● **What the task requires**
Pull out every line from the line containing "Vintage Y2K Coach" through the end of the material, both ends included, and reproduce it exactly. Keep pictures out.

○ ○ ○ ○ ○

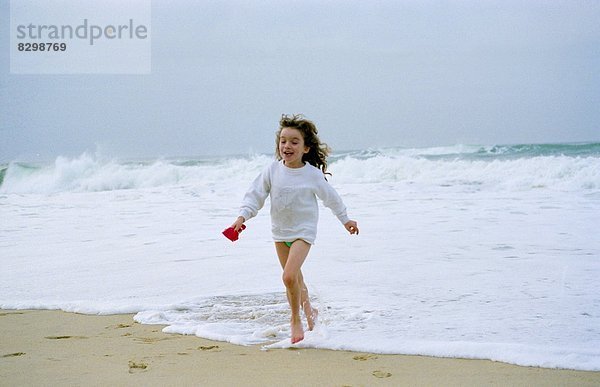Frankreich  Urlaub  Meer  8  Mädchen  alt  Jahr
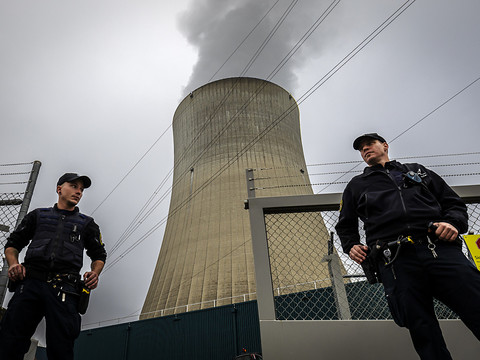 La Suisse doit pouvoir construire de nouvelles centrales nucléaires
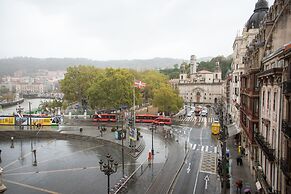 Petit Palace Arana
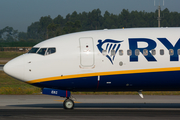 Ryanair Boeing 737-8AS (EI-EKC) at  Porto, Portugal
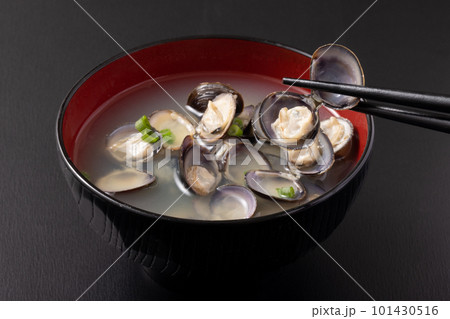 青森県産　十三湖　大和しじみの味噌汁 101430516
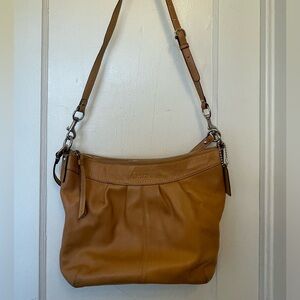 Vintage Y2K Coach F12321 Madison convertible hobo bag in tan pebbled leather.Tan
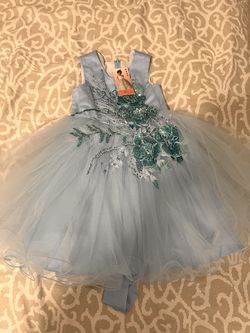 girl dress
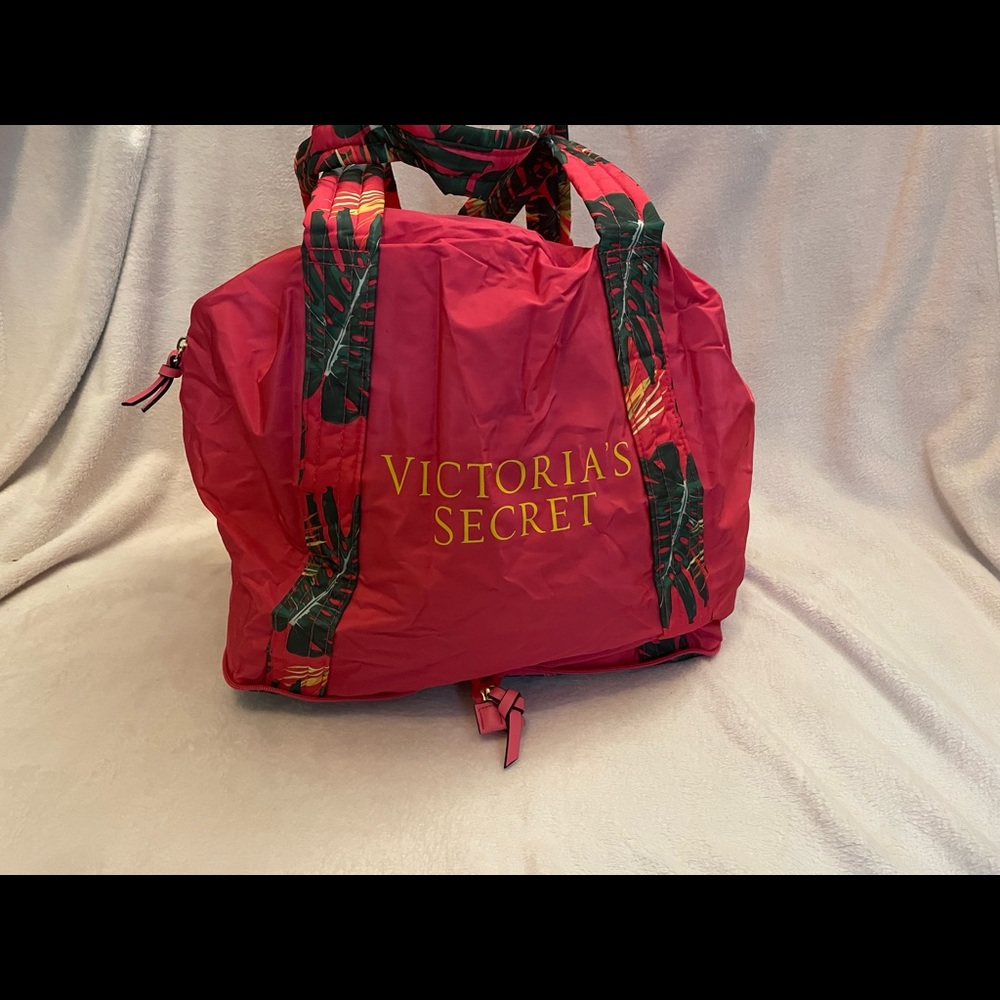 Victoria’s Secret Hawaiian print small weekender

○ ○ ○ ○ ○

● **Answer space**
 Vintage Y2K Coach F12321 Madison convertible hobo bag in tan pebbled leather.Tan
 girl dress
 Victoria’s Secret Hawaiian print small weekender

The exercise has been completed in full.